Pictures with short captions
----
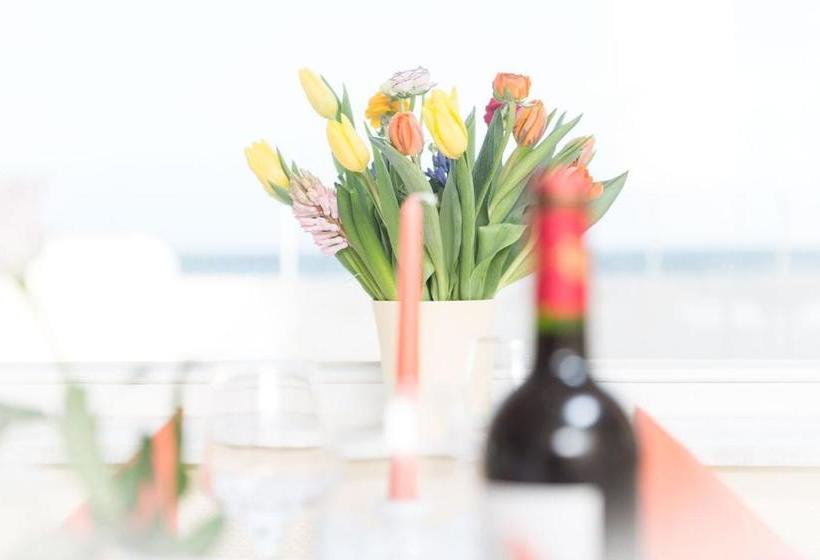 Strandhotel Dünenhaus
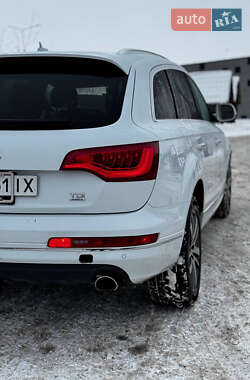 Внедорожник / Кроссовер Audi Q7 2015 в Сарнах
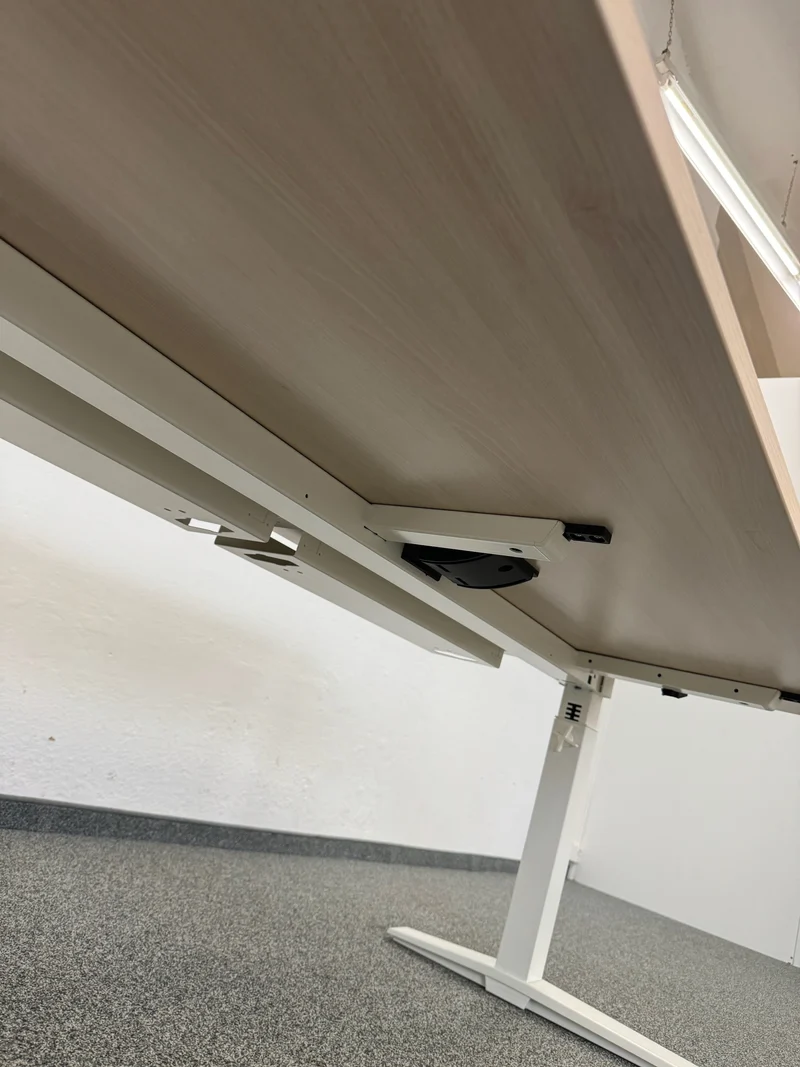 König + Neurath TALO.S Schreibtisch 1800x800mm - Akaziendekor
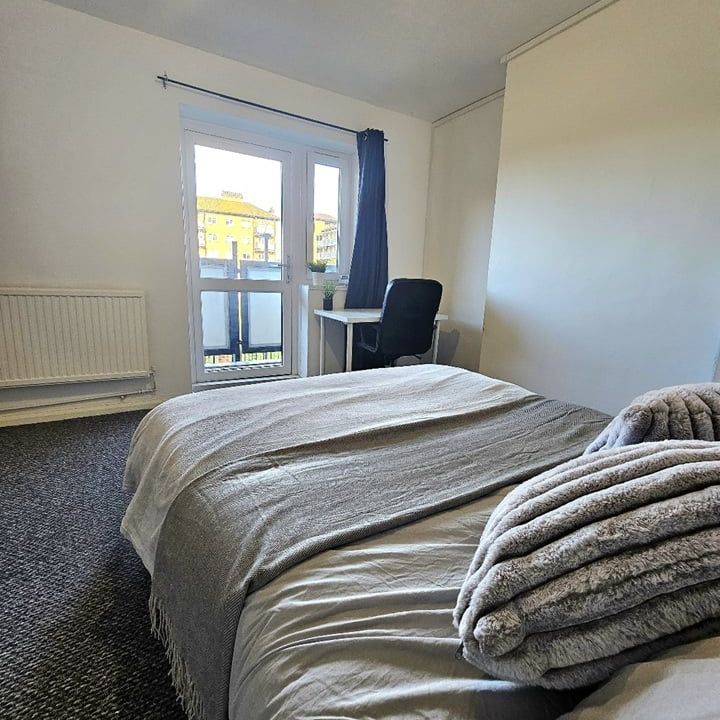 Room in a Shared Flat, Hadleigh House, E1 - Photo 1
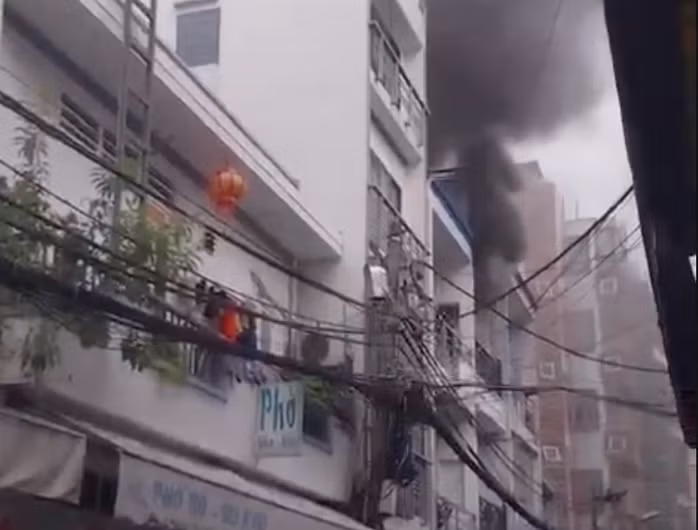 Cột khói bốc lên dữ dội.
----
→ **Exercise instructions**: Copy exactly the lines that run from the line containing "Внедорожник / Кроссовер" to the end of the data, keeping both end lines and dropping every picture.

→ **Task answer**:
 Внедорожник / Кроссовер Audi Q7 2015 в Сарнах
 König + Neurath TALO.S Schreibtisch 1800x800mm - Akaziendekor
 Room in a Shared Flat, Hadleigh House, E1 - Photo 1
 Cột khói bốc lên dữ dội.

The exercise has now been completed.